ABOUT THIS EXERCISE
I would like the lines below, from the one with "When configuring your" through the one with "Hello and welcome", copied exactly and without any pictures.

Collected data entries
----

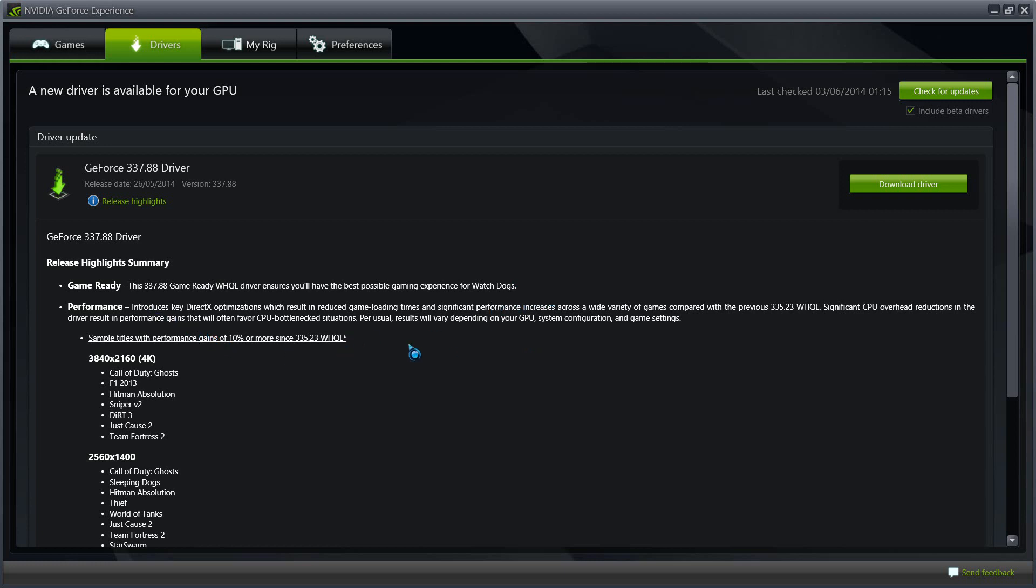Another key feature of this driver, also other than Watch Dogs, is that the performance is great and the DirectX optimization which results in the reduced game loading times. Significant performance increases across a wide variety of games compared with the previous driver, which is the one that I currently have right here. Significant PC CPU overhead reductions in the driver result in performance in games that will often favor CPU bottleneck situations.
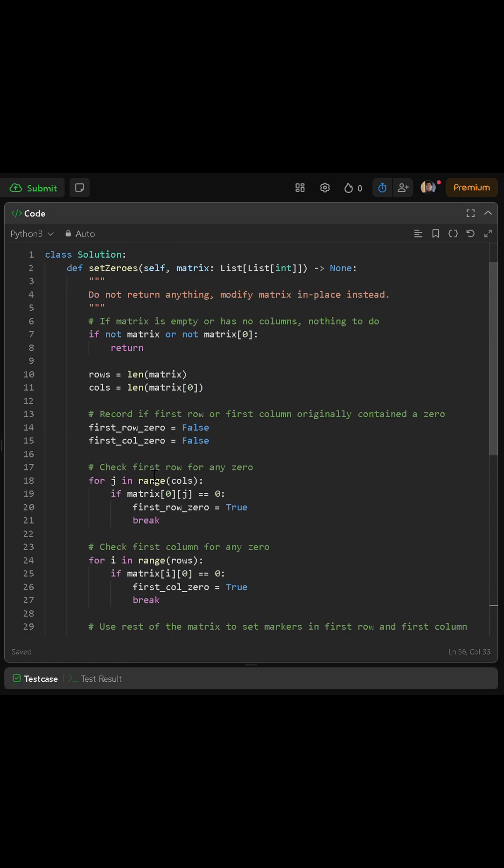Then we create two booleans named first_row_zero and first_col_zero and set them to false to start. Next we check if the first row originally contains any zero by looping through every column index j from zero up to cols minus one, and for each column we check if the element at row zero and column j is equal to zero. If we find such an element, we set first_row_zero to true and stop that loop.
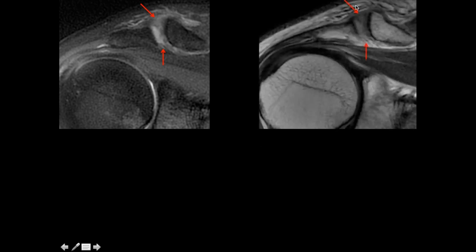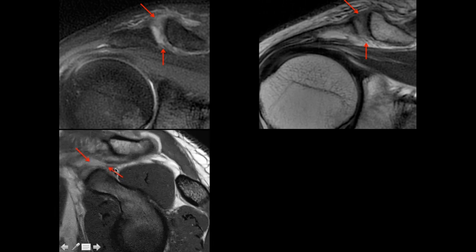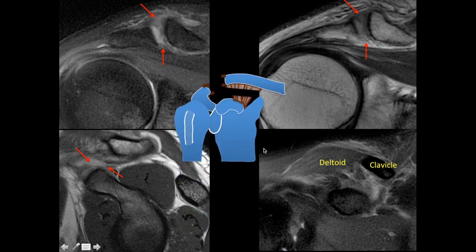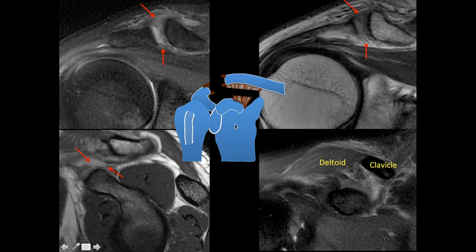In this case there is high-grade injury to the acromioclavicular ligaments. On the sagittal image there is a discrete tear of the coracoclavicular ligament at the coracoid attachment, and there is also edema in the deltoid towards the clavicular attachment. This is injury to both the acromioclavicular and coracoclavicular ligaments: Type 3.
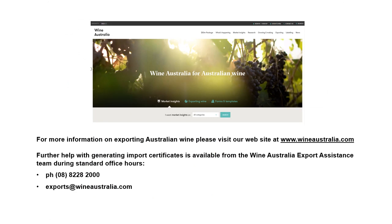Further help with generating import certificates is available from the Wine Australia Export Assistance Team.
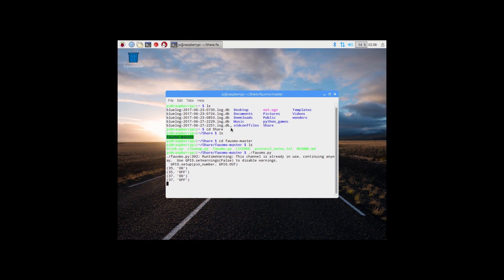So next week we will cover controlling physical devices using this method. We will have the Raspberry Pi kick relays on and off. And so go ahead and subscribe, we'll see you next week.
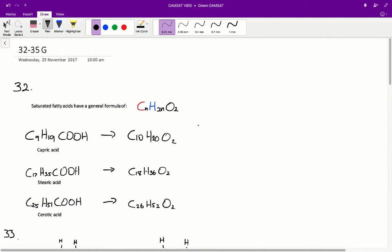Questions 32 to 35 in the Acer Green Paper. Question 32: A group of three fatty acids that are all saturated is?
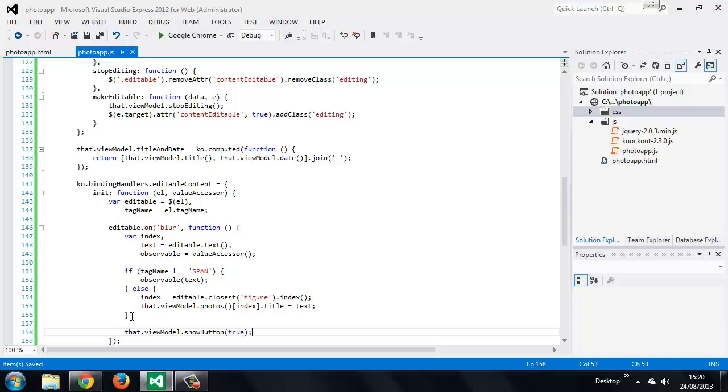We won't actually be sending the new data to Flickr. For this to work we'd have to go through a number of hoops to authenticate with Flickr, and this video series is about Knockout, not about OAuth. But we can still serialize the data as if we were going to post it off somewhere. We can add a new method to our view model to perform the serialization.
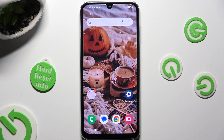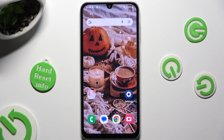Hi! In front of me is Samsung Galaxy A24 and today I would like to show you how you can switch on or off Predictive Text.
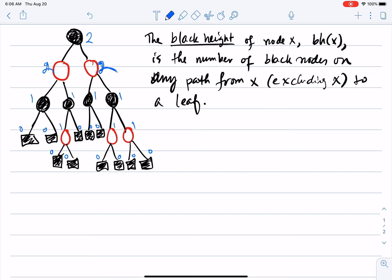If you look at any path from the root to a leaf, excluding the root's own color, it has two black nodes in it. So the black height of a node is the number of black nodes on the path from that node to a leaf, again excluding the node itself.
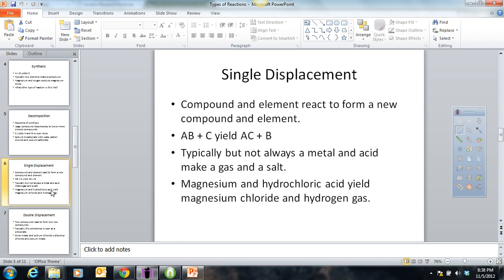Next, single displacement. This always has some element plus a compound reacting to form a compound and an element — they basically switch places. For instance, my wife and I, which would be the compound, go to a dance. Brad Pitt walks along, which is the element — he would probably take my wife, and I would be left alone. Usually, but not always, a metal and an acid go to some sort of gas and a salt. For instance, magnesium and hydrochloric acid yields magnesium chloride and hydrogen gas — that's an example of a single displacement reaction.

----

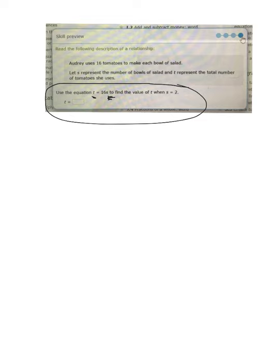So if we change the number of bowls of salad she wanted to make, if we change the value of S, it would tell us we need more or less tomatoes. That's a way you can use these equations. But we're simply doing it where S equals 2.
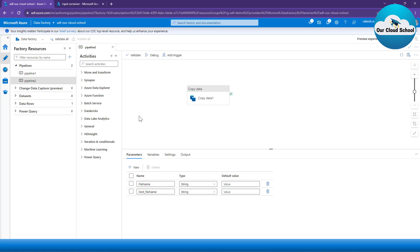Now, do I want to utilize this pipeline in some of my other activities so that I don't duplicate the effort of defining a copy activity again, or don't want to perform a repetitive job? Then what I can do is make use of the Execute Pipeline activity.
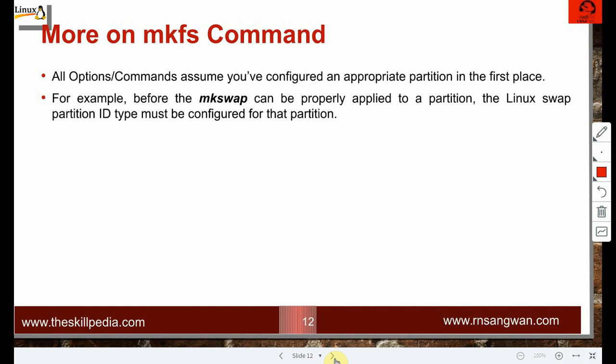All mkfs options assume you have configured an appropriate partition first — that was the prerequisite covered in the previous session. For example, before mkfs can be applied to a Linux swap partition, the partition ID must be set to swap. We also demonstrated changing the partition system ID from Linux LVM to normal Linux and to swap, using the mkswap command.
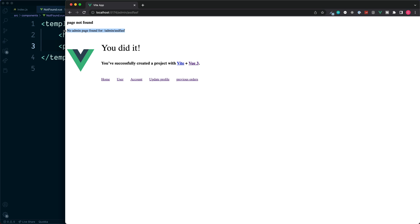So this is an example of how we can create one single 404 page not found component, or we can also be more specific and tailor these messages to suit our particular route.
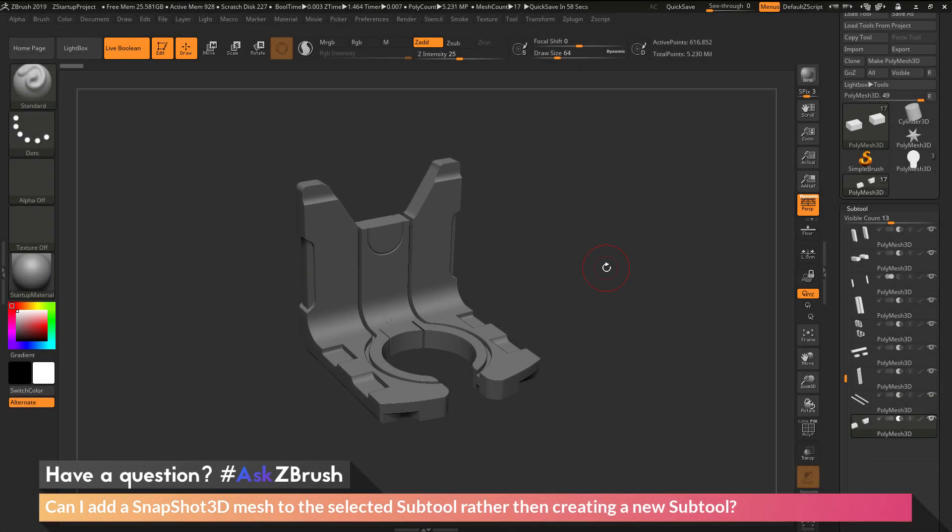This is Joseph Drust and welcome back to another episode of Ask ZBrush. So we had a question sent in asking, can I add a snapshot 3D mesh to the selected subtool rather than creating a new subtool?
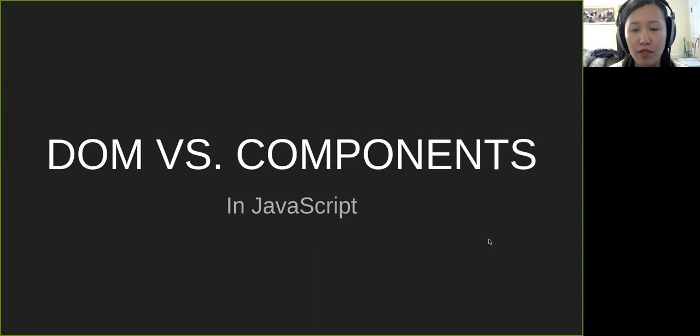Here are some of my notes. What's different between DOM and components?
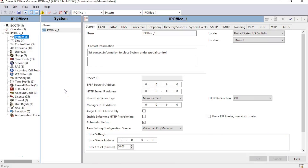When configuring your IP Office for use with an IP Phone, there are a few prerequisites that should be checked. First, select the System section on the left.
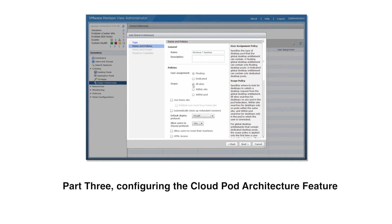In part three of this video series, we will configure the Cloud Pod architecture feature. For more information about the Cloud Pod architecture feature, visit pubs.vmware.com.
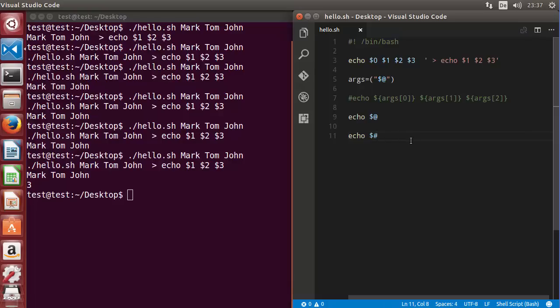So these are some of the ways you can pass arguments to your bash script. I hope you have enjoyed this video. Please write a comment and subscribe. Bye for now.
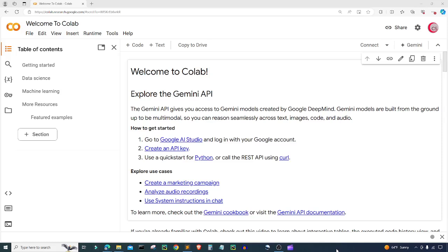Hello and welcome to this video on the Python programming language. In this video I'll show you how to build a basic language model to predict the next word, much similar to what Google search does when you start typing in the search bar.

----

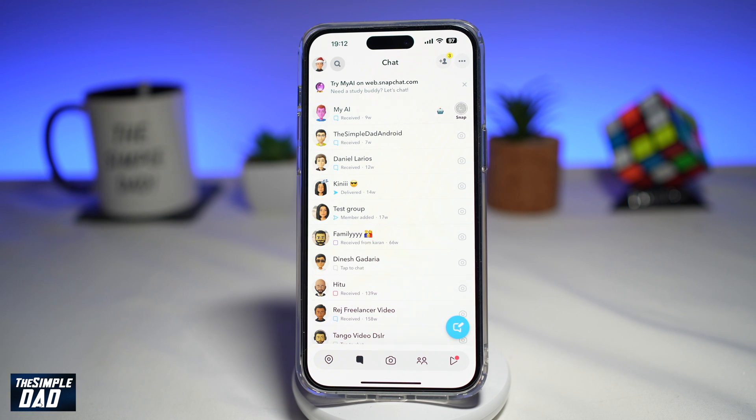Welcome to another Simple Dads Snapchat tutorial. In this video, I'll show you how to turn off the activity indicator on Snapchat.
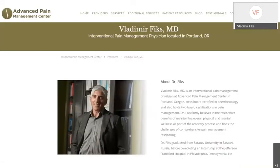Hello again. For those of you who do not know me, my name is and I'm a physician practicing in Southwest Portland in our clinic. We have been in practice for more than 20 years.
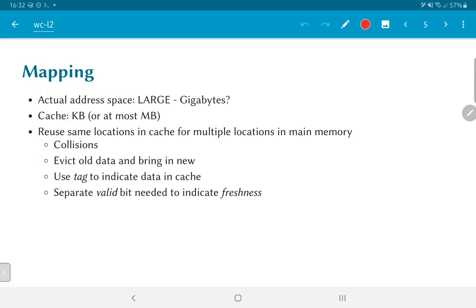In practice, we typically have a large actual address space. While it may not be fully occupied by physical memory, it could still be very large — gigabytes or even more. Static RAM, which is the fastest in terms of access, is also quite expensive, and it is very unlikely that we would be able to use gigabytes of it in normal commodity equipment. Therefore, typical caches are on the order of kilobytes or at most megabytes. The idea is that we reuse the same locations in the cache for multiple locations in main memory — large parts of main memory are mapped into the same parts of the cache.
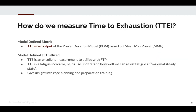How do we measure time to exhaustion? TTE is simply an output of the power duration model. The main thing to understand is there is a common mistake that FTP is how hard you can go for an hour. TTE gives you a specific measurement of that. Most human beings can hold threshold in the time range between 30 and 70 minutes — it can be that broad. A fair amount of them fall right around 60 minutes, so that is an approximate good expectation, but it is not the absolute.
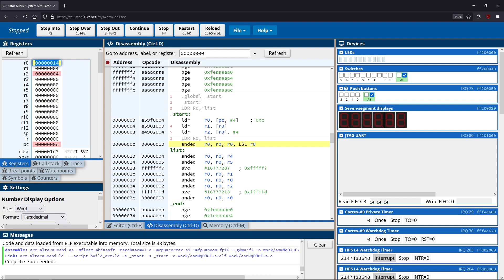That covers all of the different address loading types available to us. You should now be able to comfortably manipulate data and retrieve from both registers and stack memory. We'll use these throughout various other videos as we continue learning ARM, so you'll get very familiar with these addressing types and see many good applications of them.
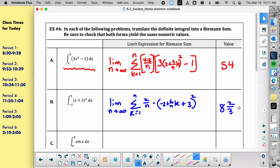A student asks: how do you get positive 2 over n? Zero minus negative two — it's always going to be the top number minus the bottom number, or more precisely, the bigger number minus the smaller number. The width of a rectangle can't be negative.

----

RESPONSE TO THIS EXERCISE
When configuring your IP Office for use with an IP Phone, there are a few prerequisites that should be checked. First, select the System section on the left.
In part three of this video series, we will configure the Cloud Pod architecture feature. For more information about the Cloud Pod architecture feature, visit pubs.vmware.com.
So these are some of the ways you can pass arguments to your bash script. I hope you have enjoyed this video. Please write a comment and subscribe. Bye for now.
Hello and welcome to this video on the Python programming language. In this video I'll show you how to build a basic language model to predict the next word, much similar to what Google search does when you start typing in the search bar.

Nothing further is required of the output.